BWW Reviews: Destination ARTS! Gallery Fest in Waynesboro, PA - Weekend Getaway In South-Central Pennsylvania
Pennsylvania is, without doubt, one of the more popular tourist states. It boasts historical attractions such as Philadelphia and Gettysburg, two major league football teams and two major league baseball teams as well as all of the other major sports, and then, of course, there's Hershey, home of candy bars, amusement parks, and the Hershey Bears. Recently, however, one of the small Central Pennsylvania towns near Gettysburg, and south of Hershey, has become noticed as well - for something not historic, sports-related, or chocolate-covered (although there's chocolate to be found there, and plenty of it). Waynesboro, on state route 16, west of Gettysburg, currently has one of the largest collections of pop-up art galleries in the country, in a few-block area.
Destination ARTS! has made Waynesboro a weekend stop for the Washington, Baltimore, and Philadelphia areas rather than simply being the very pretty town along the way to your intended stop. That seems only appropriate, as only six miles away, Blue Ridge Summit was once one of the grand vacation destinations and weekend home sites for wealthy East Coast residents (in the summers there was a regular train run between there and Baltimore). It's now, alas, a historical footnote as the birthplace of the Duchess of Windsor, but it's very close to the new activity in Waynesboro.Destination ARTS! is a project of the Arts Alliance of Greater Waynesboro, headed by Andrew Sussman. Vacant buildings and local storefronts - and an active furniture store whose owners are delighted by the project - have been turned into galleries of fine and decorative arts, with pieces ranging from oil paintings by esteemed Baltimore-area artist David Buckley Good to local jewelers and fiber crafts artisans displaying their wares, almost all of which are available for sale. However, the latter points do not indicate that this is primarily a crafts show - it is, in fact, a curated event, with trained volunteer docents at each gallery location. The senior curator, Marjorie Tressler, is the former gallery director of Mansion House Gallery in Hagerstown, Maryland, as well as a portraitist and oil painter. Her assistant curators are Jeannie Woods, the retired director of the Washington County (Maryland) Museum of Fine Arts and Tom McFarland, a retired area arts instructor and professional artist.
Exhibits at the galleries change as sales are made, but major changes in each are planned for six-week intervals. A second "grand opening" of the event will be held on September 6 with new installations at each of the galleries.

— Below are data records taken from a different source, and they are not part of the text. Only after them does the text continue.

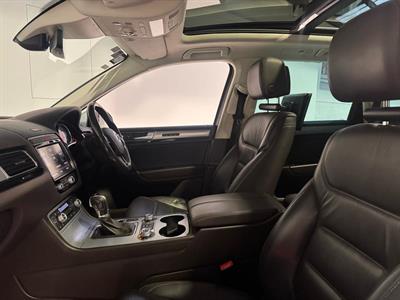 2017 Volkswagen Touareg - Thumbnail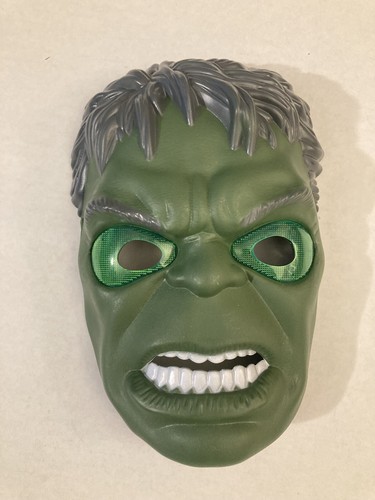 Hulk Mask W/ Flashing Light Eyes For Kids New Excellent Condition Strap Missing - Picture 1 of 14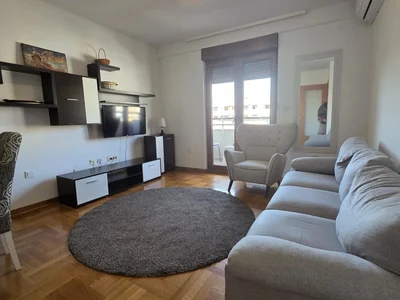 Wohnviertel Stan 71 m² na Izdavanje – Stari Aerodrom, Podgorica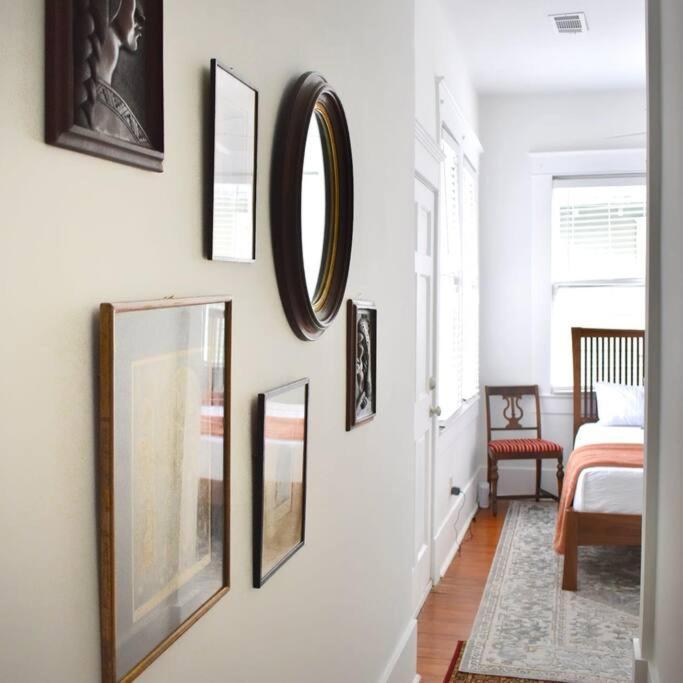 Cute And Cozy In Montrose, Near Parks, Eats And Shops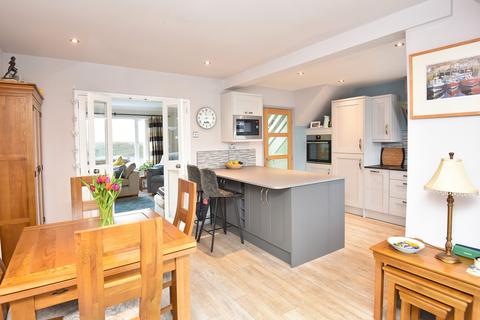 42 Durham Way, Harrogate, HG3 2TB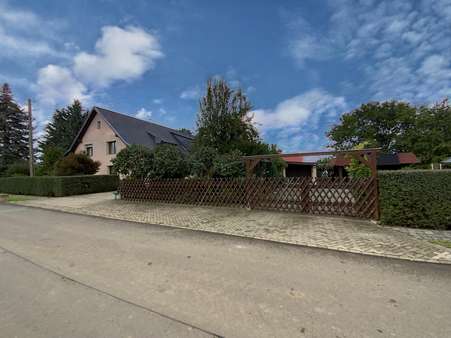 Straßenansicht - Mehrfamilienhaus in 99718 Greußen mit 350m² kaufen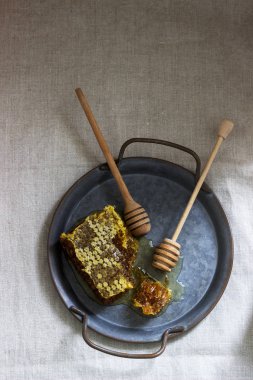 Keten masa örtüleri üzerinde bir tarak tepsiüzerinde bal tarak. Rustik stil.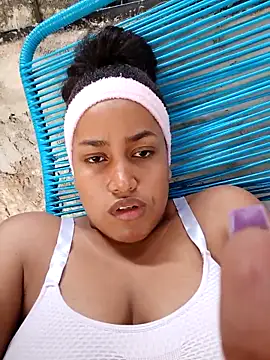 NahomiWalker  online show from November 2025 05:50:02 PM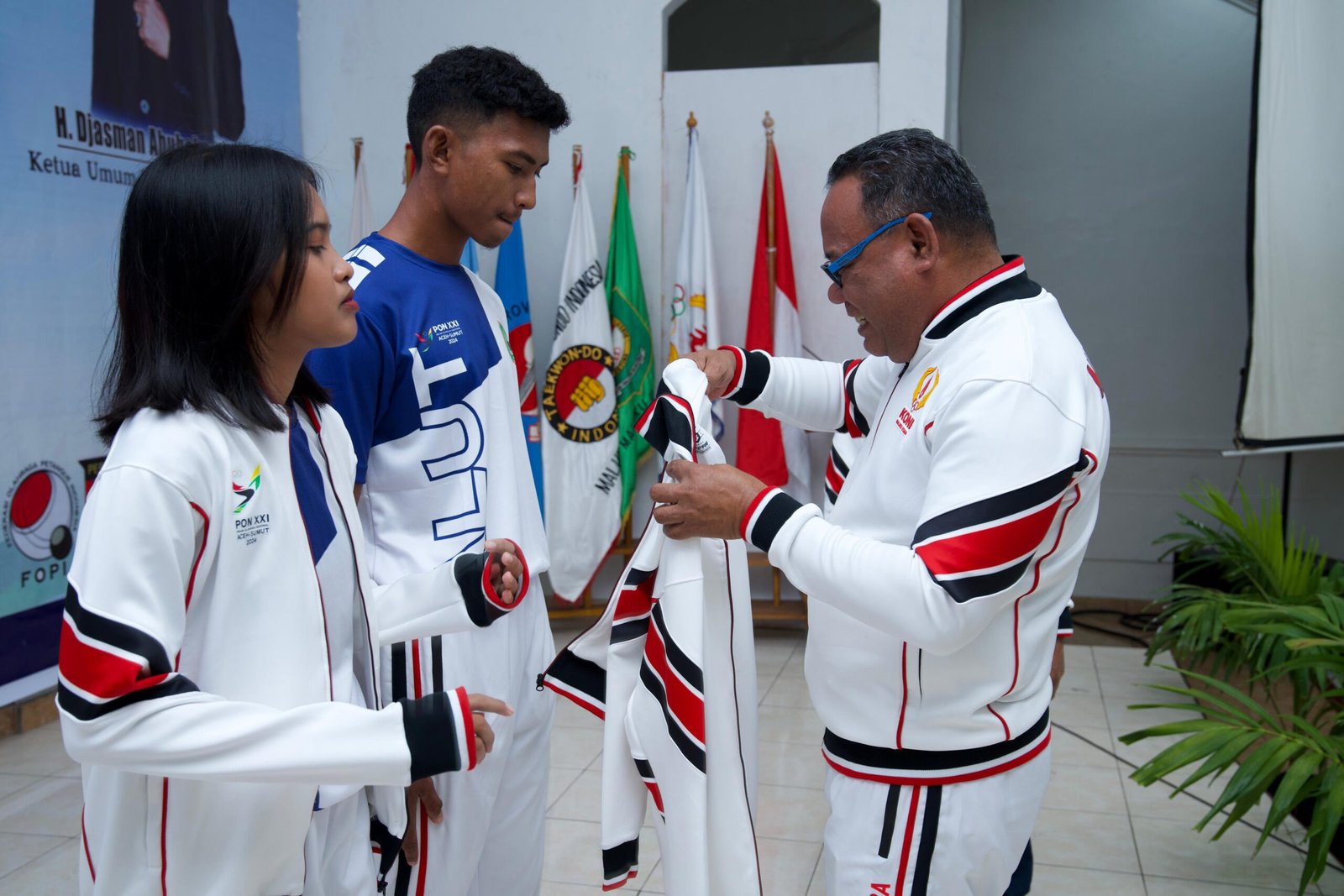 Lepas Kontingen PON XXI, Pj. Gubernur: Tim Malut Harus Bawa Pulang Medali Emas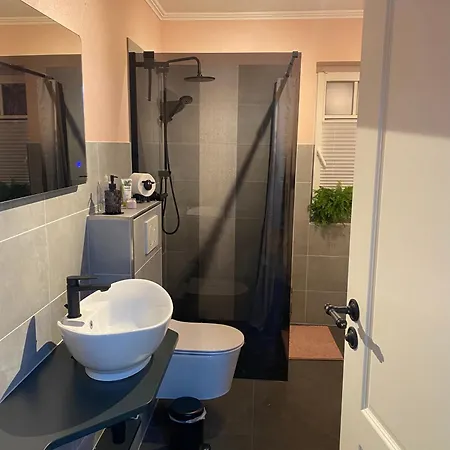 Fifty One - Geestland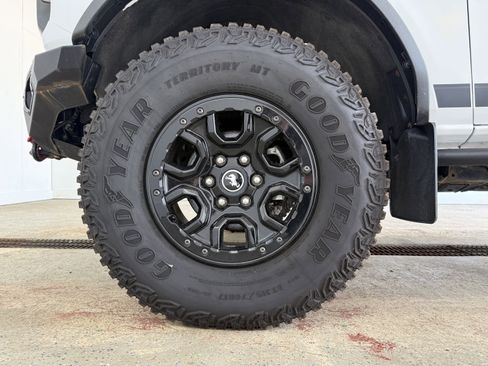 Used 2022 Ford Bronco Wildtrak image 10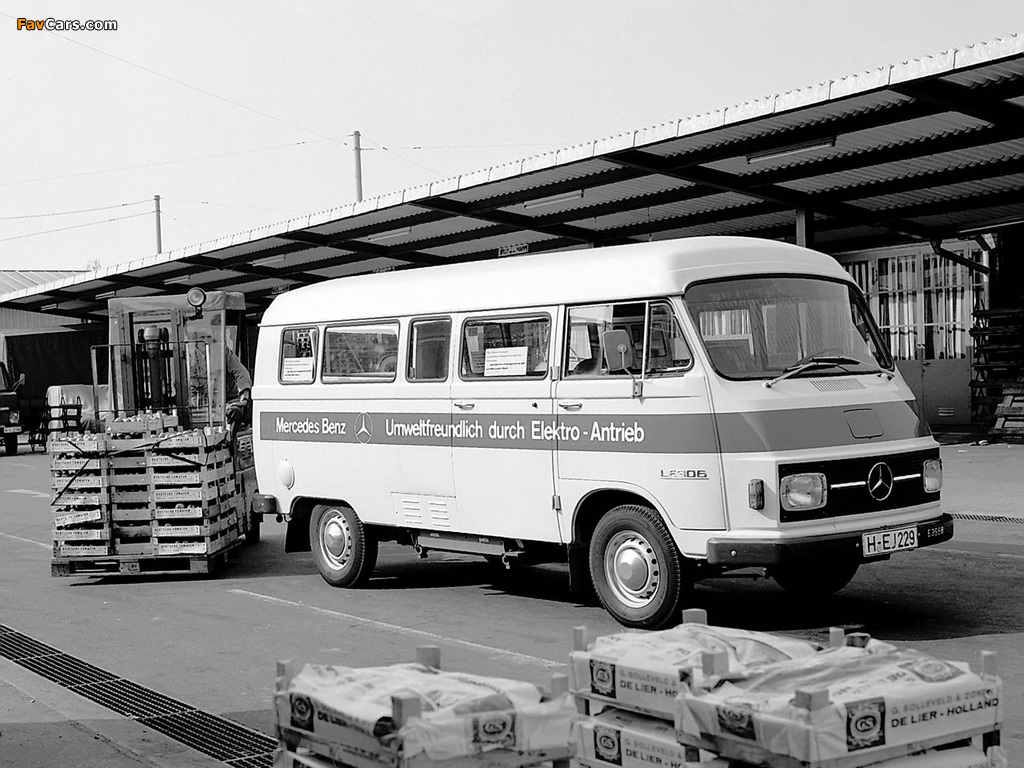 Mercedes-Benz LE306 Electro Transporter 1972 wallpapers (1024 x 768)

Of the seven galleries and eight storefronts, three are worthy of particular note. The gallery occupying 50 West Main Street, "Small Town Hosts Big City Art," features fine arts, mostly representational, and primarily paintings, the centerpiece at the present being a French street scene by David Buckley Good, although works by Ben Jones, Fritz Biggs, and Brad Clever, among many others, are also on the walls. Although all of the artists are contemporary, there's an astonishing mix of painters, styles and techniques present - watercolors, oil paintings and acrylic works are all featured, ranging from highly stylized, brightly colored, very modern waterscapes to small, traditional still-lifes; quality is the only firmly-defining characteristic among the pieces.The gallery at 22 West Main, "Through The Lens And Of The Earth," features pottery and ceramic sculpture, fiber arts, and jewelry as well as photography. Most of the photographers are partial to nature subjects, although there is a mix of styles as well as of artists' backgrounds; one is a former White House photographer now doing art photography. Photographers include Janie Moltrup, Danny Bingaman and Raymond Gehman. Ceramicists include Hilda Eiber and Mike McIntyre. Fiber arts shown include quilting and hand weaving. Lovers of art quilting may be disappointed that there are not more, and larger, pieces on display, at least at this time, but what is there, including Carolyn Wolff's not-for-sale "We Went To Vermont In October," is worth seeing; Wolff's piece must be appreciated in person to admire the stitchery involved. These are exhibits of the sort that put to rest the ideas that ceramic sculpture means little figurines or just one more bowl, or that fiber arts are one's aunt's annual Christmas sweaters or the Pennsylvania Farm Show's "sheep to shawl" contest. Wolff's wall hanging and Gitte Kolind's ceramic "Lotus" are arresting pieces that deserve to inspire comment.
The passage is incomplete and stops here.